*** Block opens ***
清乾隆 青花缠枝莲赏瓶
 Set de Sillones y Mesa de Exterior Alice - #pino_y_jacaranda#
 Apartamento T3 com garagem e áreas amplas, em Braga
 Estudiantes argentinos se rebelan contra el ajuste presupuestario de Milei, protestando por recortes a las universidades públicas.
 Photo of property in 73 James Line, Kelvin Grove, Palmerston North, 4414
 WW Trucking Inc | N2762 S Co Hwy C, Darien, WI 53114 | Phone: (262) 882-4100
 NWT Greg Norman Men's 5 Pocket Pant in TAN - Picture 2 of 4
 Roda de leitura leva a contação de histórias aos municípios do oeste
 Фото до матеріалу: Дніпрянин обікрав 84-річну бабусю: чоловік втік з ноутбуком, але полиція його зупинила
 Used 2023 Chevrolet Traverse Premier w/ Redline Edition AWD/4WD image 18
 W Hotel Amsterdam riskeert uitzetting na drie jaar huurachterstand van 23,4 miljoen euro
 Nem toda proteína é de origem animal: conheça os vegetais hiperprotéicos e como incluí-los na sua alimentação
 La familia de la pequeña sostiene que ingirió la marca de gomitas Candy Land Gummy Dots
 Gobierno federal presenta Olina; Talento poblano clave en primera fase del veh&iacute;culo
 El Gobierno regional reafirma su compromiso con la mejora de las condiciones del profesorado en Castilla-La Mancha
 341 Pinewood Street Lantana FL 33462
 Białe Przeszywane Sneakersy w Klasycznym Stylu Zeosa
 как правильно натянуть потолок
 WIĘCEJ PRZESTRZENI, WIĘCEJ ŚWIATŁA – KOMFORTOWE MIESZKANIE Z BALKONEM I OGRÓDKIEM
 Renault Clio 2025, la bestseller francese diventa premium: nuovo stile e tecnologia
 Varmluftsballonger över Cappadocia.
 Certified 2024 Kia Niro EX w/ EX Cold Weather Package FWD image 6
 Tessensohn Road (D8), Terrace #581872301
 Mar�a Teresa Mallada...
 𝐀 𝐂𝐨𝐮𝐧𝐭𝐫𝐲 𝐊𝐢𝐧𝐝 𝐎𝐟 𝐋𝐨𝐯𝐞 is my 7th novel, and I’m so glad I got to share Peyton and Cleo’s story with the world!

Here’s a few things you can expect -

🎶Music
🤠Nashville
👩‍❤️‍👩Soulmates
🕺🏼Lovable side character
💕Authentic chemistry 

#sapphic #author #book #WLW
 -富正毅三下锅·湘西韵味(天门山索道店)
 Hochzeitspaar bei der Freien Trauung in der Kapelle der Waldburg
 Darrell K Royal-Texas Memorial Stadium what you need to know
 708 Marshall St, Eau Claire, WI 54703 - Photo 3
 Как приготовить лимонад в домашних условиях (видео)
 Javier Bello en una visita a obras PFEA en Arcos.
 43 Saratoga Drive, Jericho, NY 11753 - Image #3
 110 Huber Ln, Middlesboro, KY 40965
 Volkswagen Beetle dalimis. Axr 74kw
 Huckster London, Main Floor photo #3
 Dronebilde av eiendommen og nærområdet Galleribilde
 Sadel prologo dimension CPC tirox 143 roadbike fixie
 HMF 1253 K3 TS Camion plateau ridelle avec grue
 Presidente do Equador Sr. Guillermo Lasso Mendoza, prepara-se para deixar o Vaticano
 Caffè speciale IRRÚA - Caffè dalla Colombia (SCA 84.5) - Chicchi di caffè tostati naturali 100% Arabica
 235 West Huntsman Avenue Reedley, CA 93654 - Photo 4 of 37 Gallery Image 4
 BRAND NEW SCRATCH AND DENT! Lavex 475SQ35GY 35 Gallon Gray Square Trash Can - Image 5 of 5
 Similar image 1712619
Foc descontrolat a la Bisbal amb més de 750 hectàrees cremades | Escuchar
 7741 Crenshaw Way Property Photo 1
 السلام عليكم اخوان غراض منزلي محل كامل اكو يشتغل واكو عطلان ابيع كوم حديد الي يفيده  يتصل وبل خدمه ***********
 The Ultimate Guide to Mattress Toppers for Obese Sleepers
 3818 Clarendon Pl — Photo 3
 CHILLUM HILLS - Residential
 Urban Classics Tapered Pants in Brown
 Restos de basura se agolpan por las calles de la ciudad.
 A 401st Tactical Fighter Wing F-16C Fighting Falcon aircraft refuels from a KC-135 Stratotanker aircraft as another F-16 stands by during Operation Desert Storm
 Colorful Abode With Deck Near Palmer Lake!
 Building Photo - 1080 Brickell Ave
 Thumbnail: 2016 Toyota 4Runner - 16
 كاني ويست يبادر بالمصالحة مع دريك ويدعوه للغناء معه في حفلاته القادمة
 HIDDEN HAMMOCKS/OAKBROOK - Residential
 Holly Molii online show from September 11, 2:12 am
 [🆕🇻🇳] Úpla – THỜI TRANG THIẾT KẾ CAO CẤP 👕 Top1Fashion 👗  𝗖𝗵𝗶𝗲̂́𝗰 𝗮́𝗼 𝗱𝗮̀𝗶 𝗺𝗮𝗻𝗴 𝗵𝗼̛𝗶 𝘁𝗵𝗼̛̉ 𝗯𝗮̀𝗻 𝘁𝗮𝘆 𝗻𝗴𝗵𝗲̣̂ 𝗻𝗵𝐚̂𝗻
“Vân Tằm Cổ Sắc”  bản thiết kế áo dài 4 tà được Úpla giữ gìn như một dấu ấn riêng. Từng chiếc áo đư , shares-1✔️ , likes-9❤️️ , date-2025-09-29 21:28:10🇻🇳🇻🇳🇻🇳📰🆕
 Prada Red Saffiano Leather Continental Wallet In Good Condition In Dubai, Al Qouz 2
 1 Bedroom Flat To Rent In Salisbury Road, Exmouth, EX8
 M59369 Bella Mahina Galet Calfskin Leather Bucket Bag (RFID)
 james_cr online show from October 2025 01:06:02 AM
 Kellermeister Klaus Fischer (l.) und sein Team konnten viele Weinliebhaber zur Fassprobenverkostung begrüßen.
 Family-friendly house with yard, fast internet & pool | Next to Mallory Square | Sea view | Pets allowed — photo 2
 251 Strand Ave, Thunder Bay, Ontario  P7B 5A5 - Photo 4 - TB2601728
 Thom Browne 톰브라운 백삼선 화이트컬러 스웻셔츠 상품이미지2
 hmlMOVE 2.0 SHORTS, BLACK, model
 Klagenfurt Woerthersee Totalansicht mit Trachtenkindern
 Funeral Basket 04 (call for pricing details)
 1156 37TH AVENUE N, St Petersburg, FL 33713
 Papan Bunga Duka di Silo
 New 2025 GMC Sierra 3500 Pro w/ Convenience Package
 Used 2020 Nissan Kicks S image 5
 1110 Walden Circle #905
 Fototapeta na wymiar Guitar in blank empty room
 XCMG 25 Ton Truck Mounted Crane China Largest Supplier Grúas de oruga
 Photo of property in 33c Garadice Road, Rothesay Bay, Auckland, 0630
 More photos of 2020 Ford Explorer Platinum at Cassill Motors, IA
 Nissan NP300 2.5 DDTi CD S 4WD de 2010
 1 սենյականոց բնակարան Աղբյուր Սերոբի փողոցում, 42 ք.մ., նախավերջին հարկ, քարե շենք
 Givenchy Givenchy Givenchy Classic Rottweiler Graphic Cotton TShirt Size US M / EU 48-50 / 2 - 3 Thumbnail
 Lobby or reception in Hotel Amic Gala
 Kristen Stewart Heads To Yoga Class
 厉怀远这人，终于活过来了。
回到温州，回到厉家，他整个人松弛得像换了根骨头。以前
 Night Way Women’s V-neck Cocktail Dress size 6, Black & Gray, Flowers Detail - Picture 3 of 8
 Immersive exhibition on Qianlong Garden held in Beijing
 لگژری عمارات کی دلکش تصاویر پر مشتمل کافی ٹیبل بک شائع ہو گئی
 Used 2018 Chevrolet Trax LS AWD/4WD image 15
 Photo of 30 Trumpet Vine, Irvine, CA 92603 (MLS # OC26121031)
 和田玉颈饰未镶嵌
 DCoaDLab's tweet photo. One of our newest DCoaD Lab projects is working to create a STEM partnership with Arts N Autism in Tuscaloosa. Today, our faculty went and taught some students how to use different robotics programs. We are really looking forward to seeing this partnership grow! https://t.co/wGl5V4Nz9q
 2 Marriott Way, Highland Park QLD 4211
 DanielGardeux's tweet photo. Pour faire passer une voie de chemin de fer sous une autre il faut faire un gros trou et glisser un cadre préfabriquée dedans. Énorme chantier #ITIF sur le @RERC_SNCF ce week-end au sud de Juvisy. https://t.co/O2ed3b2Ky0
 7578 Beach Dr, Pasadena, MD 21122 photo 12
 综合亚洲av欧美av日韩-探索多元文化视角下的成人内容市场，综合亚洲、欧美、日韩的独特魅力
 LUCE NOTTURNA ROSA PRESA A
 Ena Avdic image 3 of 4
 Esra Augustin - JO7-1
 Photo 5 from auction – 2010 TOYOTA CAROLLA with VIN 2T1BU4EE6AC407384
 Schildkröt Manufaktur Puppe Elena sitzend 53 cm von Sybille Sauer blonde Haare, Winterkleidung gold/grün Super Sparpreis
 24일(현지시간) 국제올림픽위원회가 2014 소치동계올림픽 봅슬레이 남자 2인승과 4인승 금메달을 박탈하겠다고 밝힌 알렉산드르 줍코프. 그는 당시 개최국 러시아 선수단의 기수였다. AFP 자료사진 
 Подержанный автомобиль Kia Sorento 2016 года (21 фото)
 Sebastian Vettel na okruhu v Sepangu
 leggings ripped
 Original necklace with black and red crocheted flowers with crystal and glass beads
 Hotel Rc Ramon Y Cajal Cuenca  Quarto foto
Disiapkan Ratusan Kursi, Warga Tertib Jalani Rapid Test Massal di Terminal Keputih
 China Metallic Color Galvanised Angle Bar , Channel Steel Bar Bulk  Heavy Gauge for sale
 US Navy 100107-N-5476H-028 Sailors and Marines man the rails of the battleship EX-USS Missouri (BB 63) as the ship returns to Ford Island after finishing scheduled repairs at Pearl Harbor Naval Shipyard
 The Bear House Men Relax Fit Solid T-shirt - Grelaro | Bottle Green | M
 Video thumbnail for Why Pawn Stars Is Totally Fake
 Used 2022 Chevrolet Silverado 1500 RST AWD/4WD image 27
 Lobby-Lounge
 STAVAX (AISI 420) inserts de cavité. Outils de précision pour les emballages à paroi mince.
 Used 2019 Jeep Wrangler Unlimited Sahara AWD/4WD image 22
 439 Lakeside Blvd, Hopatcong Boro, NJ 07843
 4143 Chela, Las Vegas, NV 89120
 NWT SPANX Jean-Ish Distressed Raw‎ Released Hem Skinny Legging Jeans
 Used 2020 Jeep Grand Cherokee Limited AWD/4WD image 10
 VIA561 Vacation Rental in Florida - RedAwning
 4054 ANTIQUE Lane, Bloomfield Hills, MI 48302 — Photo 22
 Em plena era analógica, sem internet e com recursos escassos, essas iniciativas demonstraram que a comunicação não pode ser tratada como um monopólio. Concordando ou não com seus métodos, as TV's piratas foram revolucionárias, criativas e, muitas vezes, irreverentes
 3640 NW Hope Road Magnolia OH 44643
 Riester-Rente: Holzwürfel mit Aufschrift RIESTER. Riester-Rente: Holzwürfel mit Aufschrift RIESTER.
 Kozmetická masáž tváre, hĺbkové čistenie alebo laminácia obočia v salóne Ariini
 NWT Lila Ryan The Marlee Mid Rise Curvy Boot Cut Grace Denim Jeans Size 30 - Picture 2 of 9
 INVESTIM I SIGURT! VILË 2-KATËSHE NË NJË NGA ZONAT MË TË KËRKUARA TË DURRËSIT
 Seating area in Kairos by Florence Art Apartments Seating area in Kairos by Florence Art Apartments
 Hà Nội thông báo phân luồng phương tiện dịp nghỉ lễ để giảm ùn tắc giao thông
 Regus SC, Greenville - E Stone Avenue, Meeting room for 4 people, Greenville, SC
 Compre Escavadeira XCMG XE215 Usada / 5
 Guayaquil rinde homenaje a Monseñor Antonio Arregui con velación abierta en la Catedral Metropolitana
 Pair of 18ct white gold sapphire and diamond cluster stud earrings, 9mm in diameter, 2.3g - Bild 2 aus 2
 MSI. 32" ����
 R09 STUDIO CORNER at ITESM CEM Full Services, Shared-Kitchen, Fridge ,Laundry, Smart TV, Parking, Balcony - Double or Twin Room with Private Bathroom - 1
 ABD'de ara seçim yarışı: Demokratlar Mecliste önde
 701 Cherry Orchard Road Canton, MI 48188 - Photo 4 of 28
*** Block closes ***
**Task goal**
Copy the lines above exactly, from the very first through the one containing "Roda de leitura", and include no other line.

**Completed exercise**
清乾隆 青花缠枝莲赏瓶
 Set de Sillones y Mesa de Exterior Alice - #pino_y_jacaranda#
 Apartamento T3 com garagem e áreas amplas, em Braga
 Estudiantes argentinos se rebelan contra el ajuste presupuestario de Milei, protestando por recortes a las universidades públicas.
 Photo of property in 73 James Line, Kelvin Grove, Palmerston North, 4414
 WW Trucking Inc | N2762 S Co Hwy C, Darien, WI 53114 | Phone: (262) 882-4100
 NWT Greg Norman Men's 5 Pocket Pant in TAN - Picture 2 of 4
 Roda de leitura leva a contação de histórias aos municípios do oeste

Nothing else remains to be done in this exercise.